== TASK PROMPT ==
Return only the lines running from the one that contains "Natalie™ | Suede-Look" through the end of the entries, exactly, both ends included. Omit pictures.
------ AVAILABLE DATA
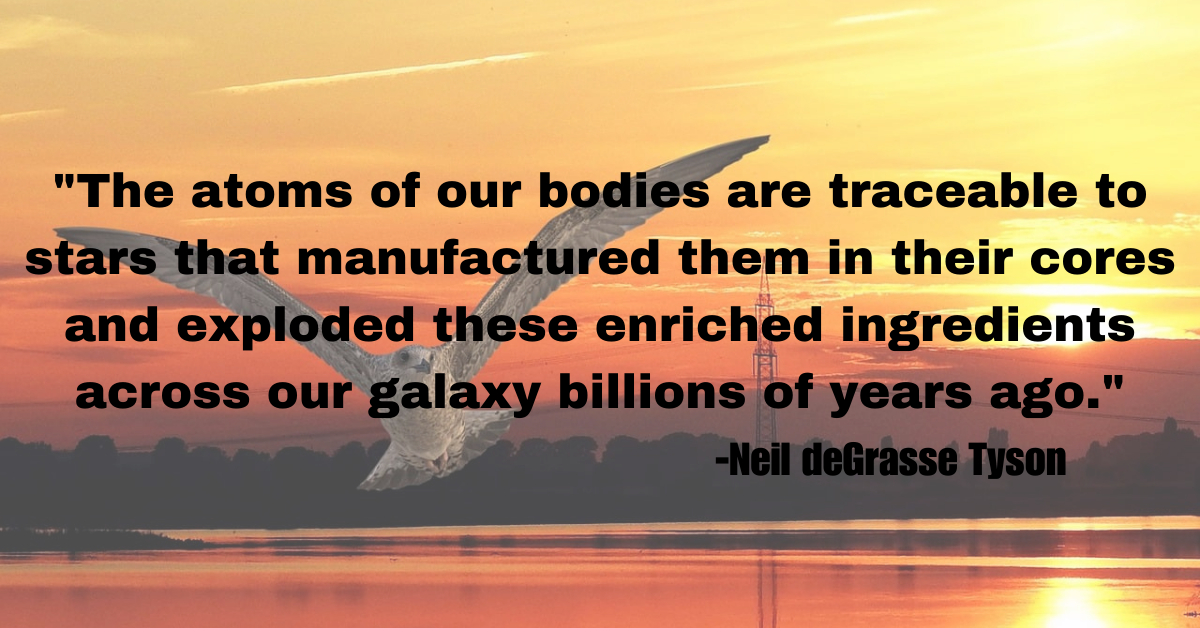 "The atoms of our bodies are traceable to stars that manufactured them in their cores and exploded these enriched ingredients across our galaxy billions of years ago."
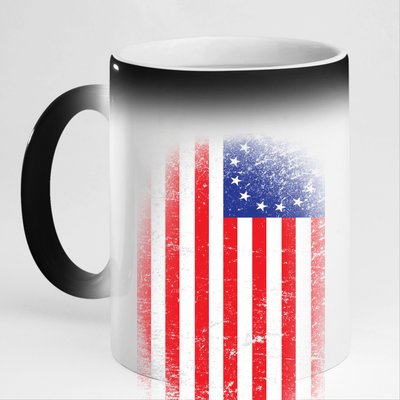 Distressed 13 Colonies Betsy Ross First American Flag 11oz Black Color Changing Mug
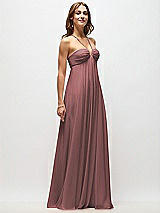 Front View Thumbnail - Rosewood Empire Waist Chiffon Halter Maxi Dress with Convertible Spaghetti Straps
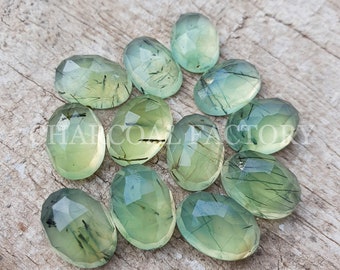 Rutilated green prehnite, rose cut cabochon, Natural oval calibrated cabochon, custom sizes available, calibrated sizes for handmade jewelry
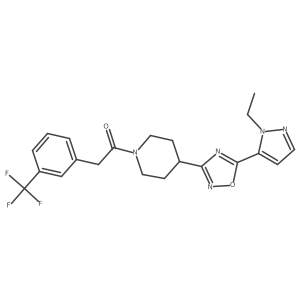 1-(4-(5-(1-ethyl-1H-pyrazol-5-yl)-1,2,4-oxadiazol-3-yl)piperidin-1-yl)-2-(3-(trifluoromethyl)phenyl)ethanone结构式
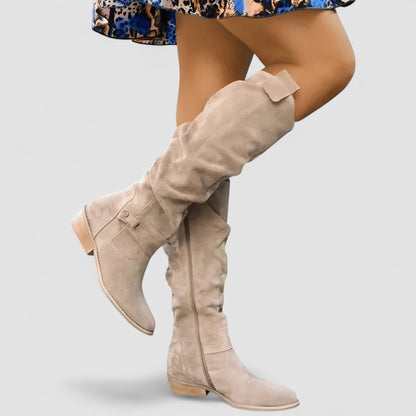 Natalie™ | Suede-Look Knee-High Low-Heel Boots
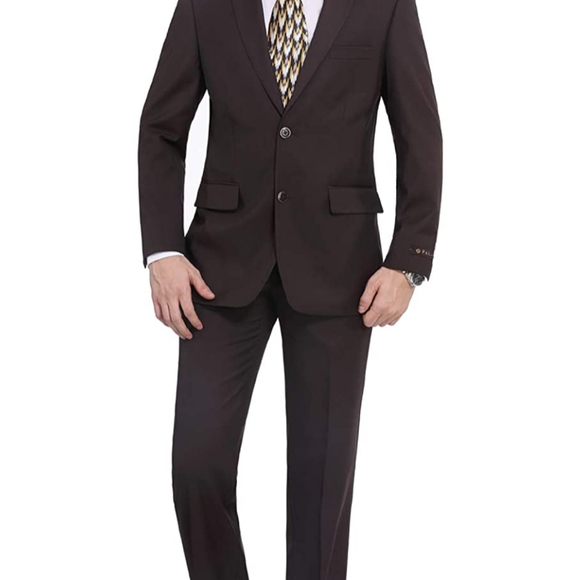 P&L Men's Suits 2-Piece Classic Fit 2 Button Offic - Picture 1 of 5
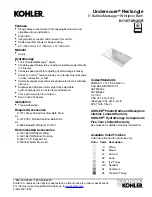 Preview for 1 page of Kohler Underscore K-1167-XH2GR Detailed Planning Dimensions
------------
== EXERCISE RESULT ==
 Natalie™ | Suede-Look Knee-High Low-Heel Boots
 P&L Men's Suits 2-Piece Classic Fit 2 Button Offic - Picture 1 of 5
 Preview for 1 page of Kohler Underscore K-1167-XH2GR Detailed Planning Dimensions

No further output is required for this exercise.